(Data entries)
============
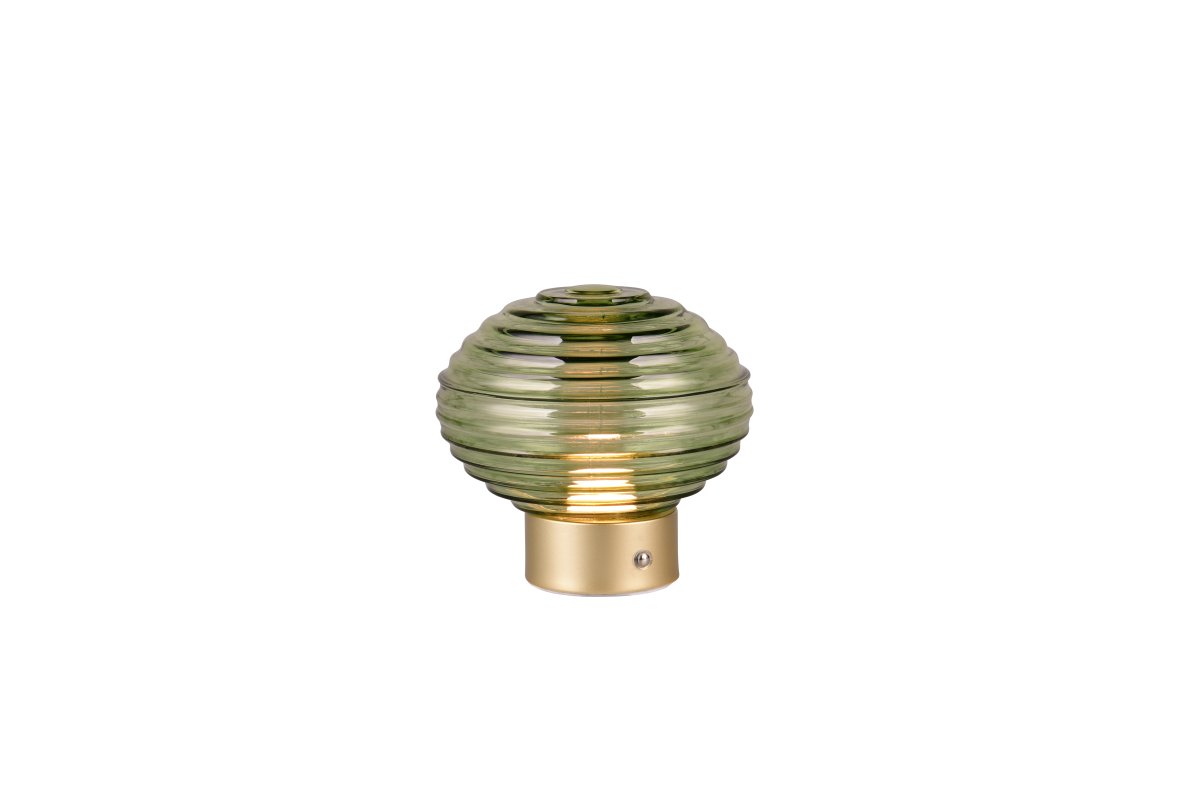 Earl 14cm Verde portátil De Trio Lighting - Ya sea sobre una mesa, un aparador o en un rincón acogedor, la lámpara de mesa EARL, con su elegante diseño, difunde una luz encantadora dondequiera que se coloque.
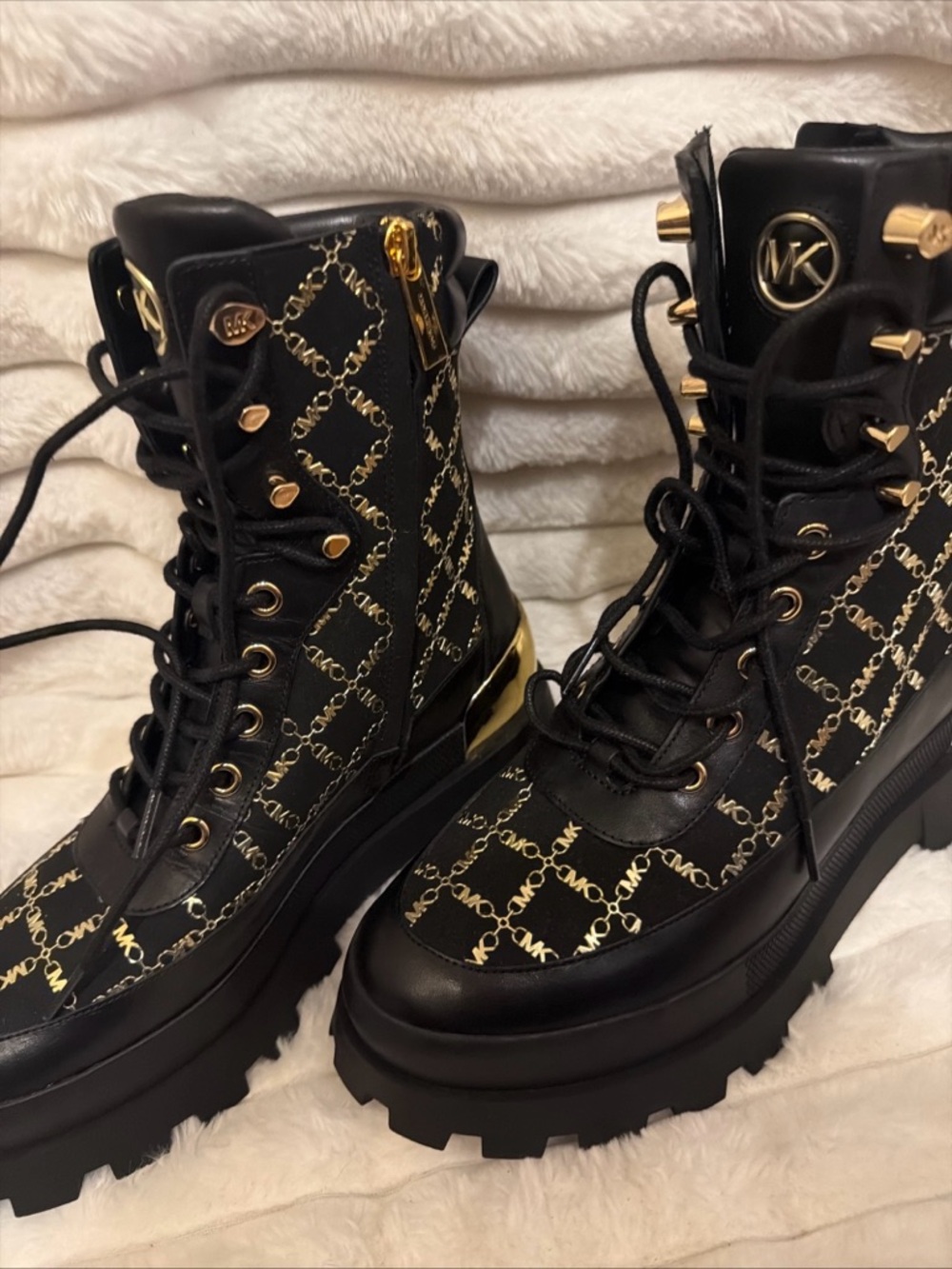 Michael Kors Black and Gold Logo Lace-Up Combat Boots - Picture 8 of 10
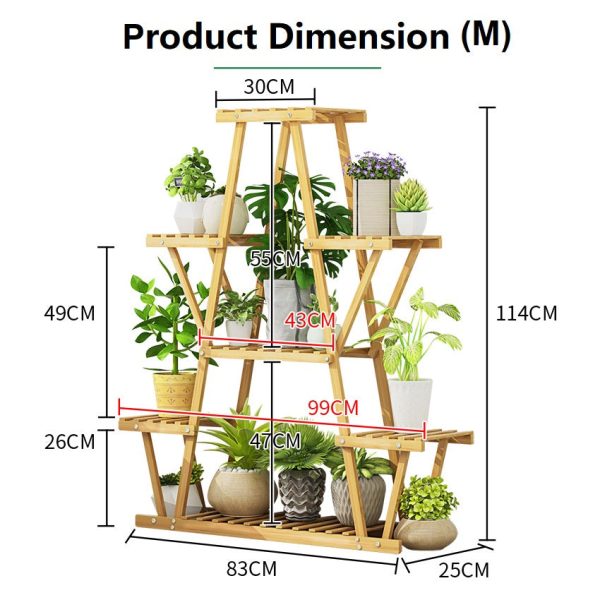 STAR Shape Bamboo Plant Stand Supplier Multi Tier Flower Rack for Indoor Outdoor – 105x25x114 cm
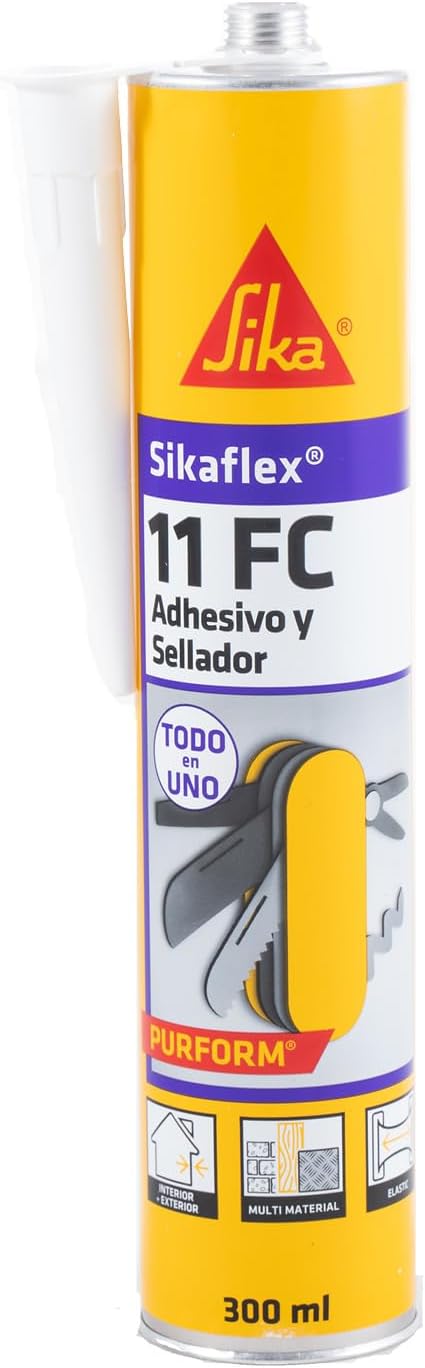 Cartucho de Sikaflex®-11 FC Purform® de Sika, sellador y adhesivo elástico de poliuretano para juntas y pegado multisoporte - Vetonek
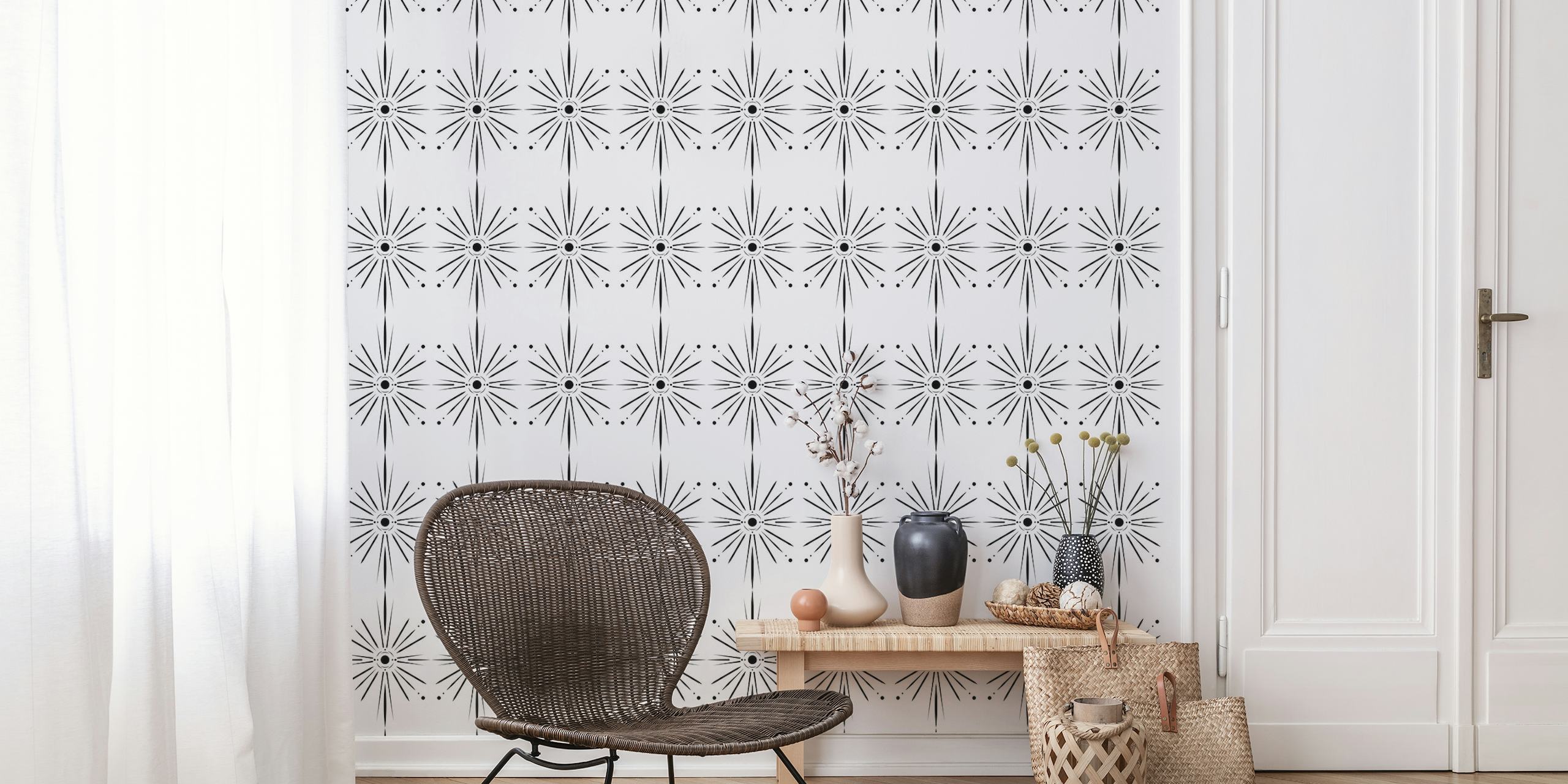 Sun Star wall mural with a pattern of intricate sun stars against a crisp white background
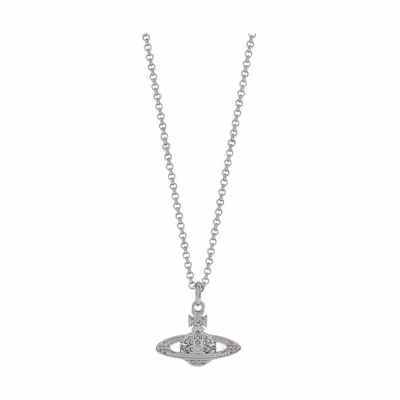 Vivienne Westwood Mini Bas Relief Orb Pendant Saturn Design Necklace Silver. 6302010402P116P116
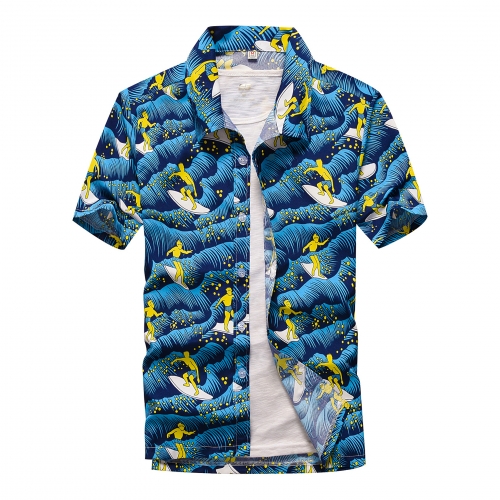 Men's Hawaiian Shirt Button Up Hawaii Aloha Tropical Short Sleeve
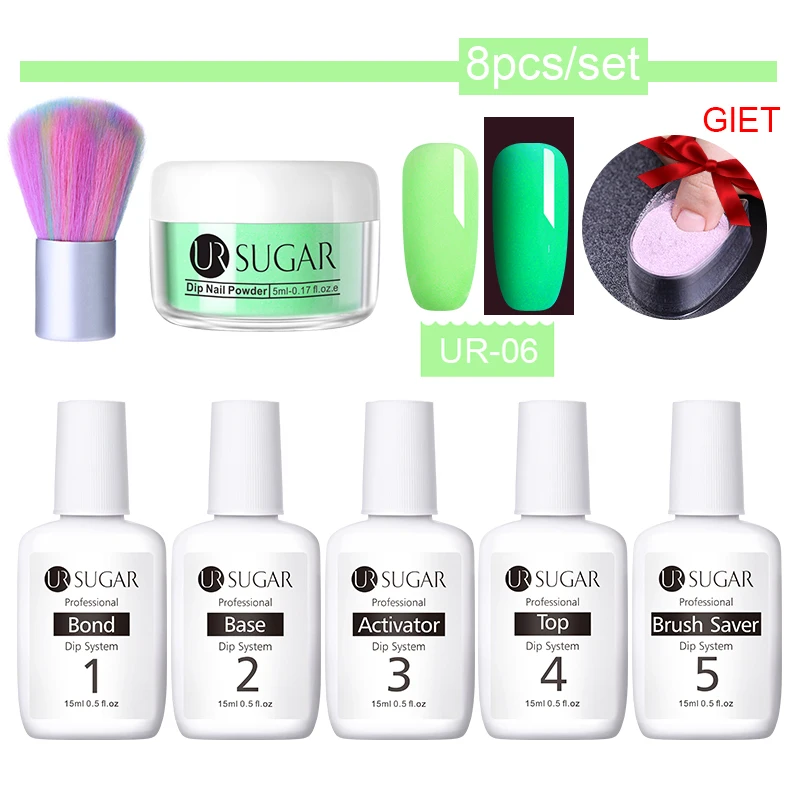 

UR SUGAR 8Pcs/set Dipping Nail Glitter Powder Kits Fluorescent Neon Gradient French Nails Chrome Dip Pigment Natural Fast Dry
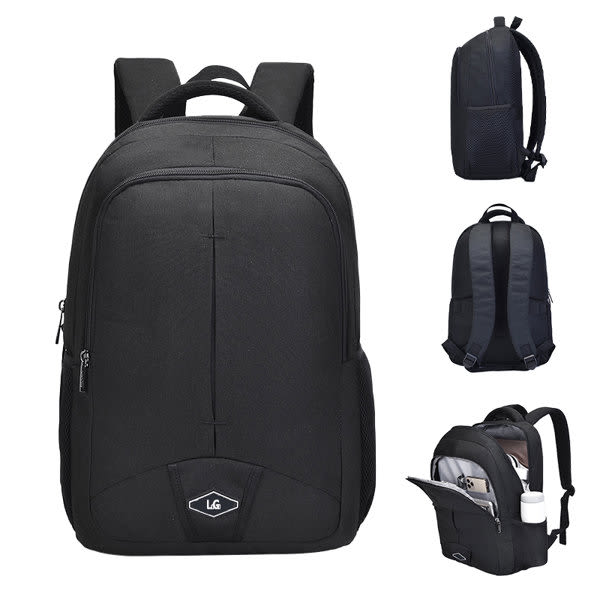 A black waterproof backpack with adjustable straps, multiple compartments, and a logo on the front. Business Waterproof Backpack - Image 1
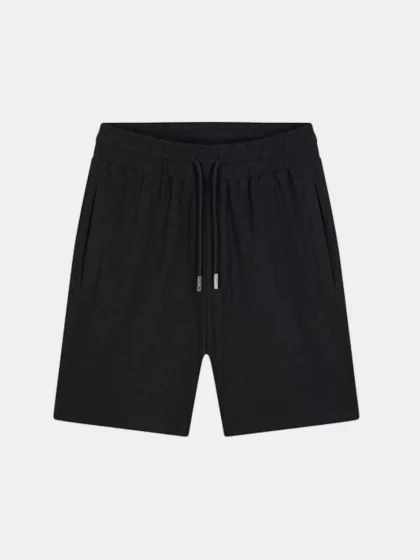Malelions emblem seersucker shorts black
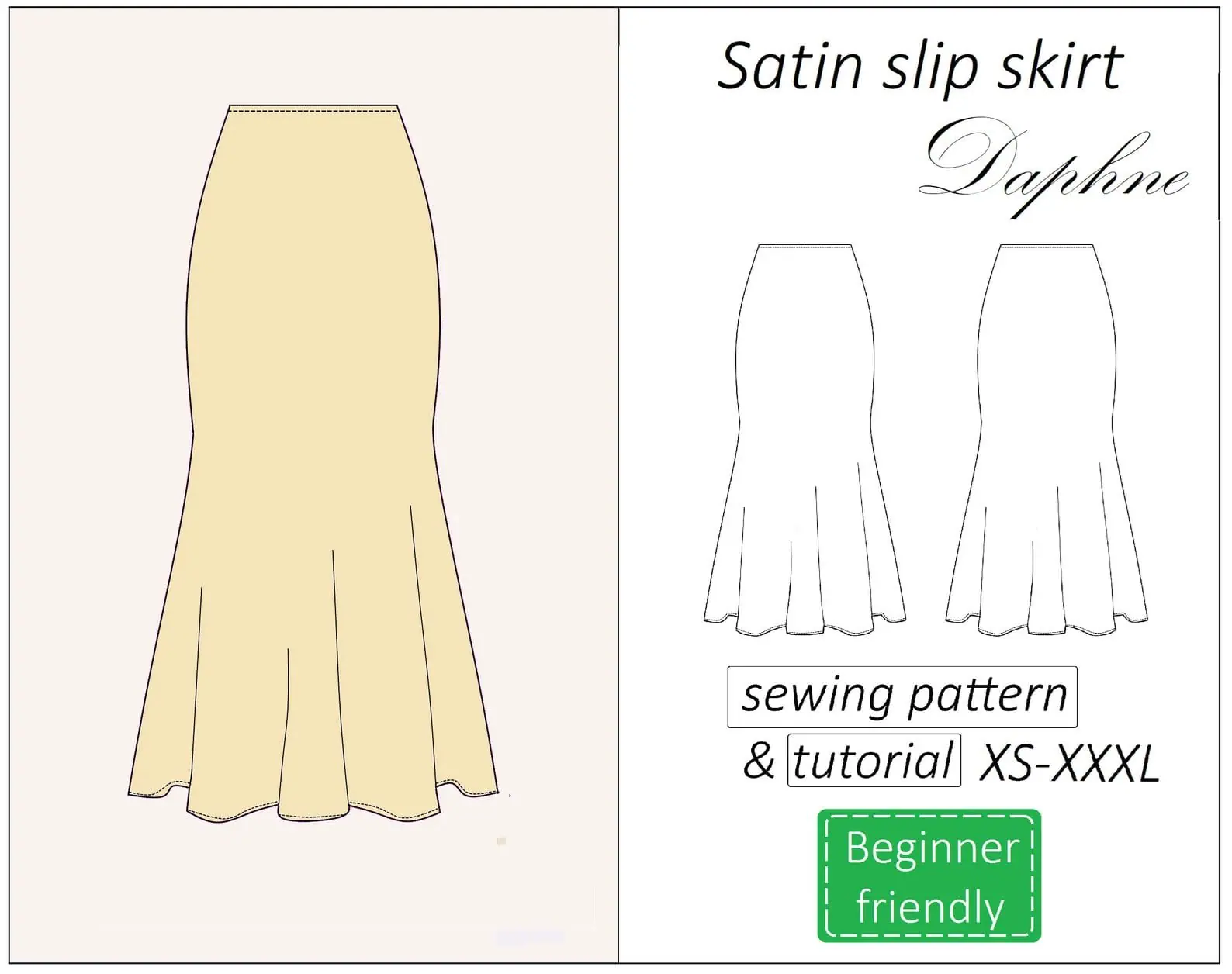 Satin skirt sewing pattern PDF Daphne + detailed tutorial 1 Silk skirt sewing pattern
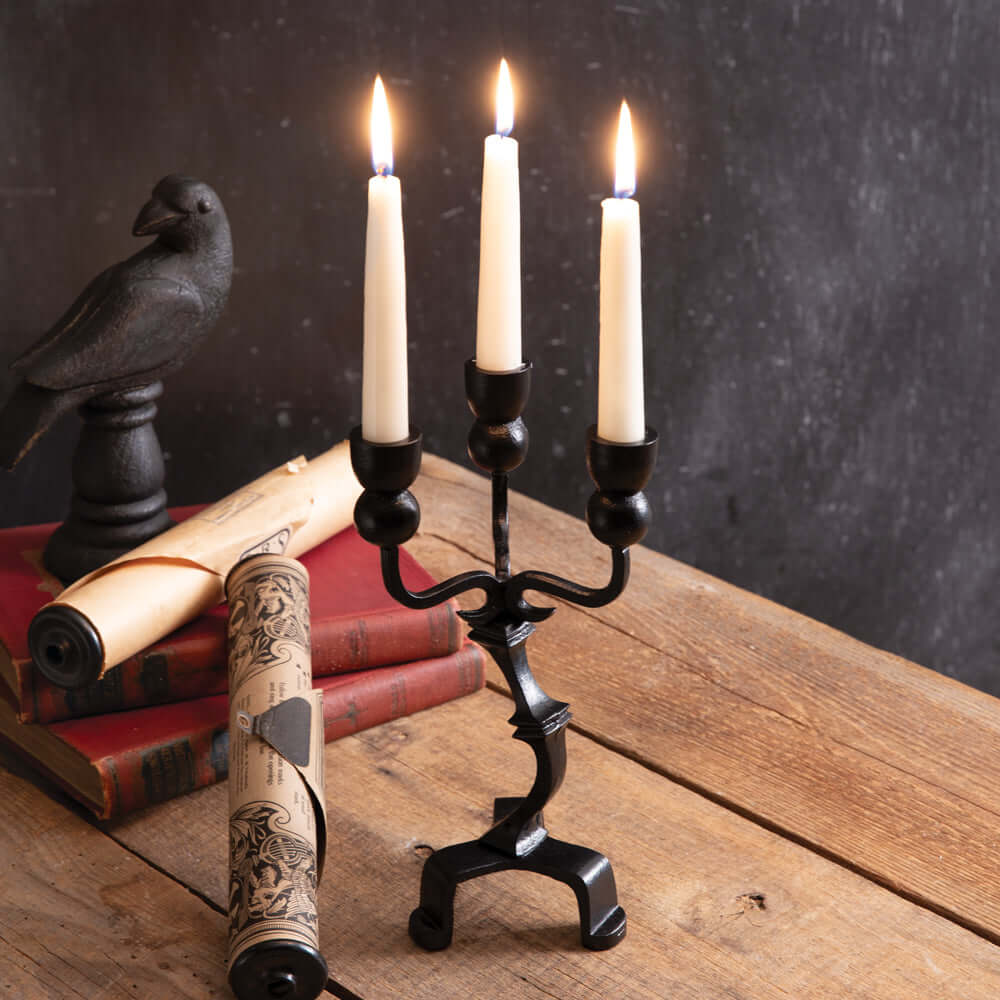 Antique Black Iron Gothic Candelabra for Halloween Centerpiece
============
**WORK TASK**
Reproduce word for word the lines from the one containing "UR SUGAR 8Pcs/set" through the end of the data, both ends kept. Drop the pictures.

**SOLUTION FOR THIS TASK**
UR SUGAR 8Pcs/set Dipping Nail Glitter Powder Kits Fluorescent Neon Gradient French Nails Chrome Dip Pigment Natural Fast Dry
 A black waterproof backpack with adjustable straps, multiple compartments, and a logo on the front. Business Waterproof Backpack - Image 1
Malelions emblem seersucker shorts black
 Satin skirt sewing pattern PDF Daphne + detailed tutorial 1 Silk skirt sewing pattern
 Antique Black Iron Gothic Candelabra for Halloween Centerpiece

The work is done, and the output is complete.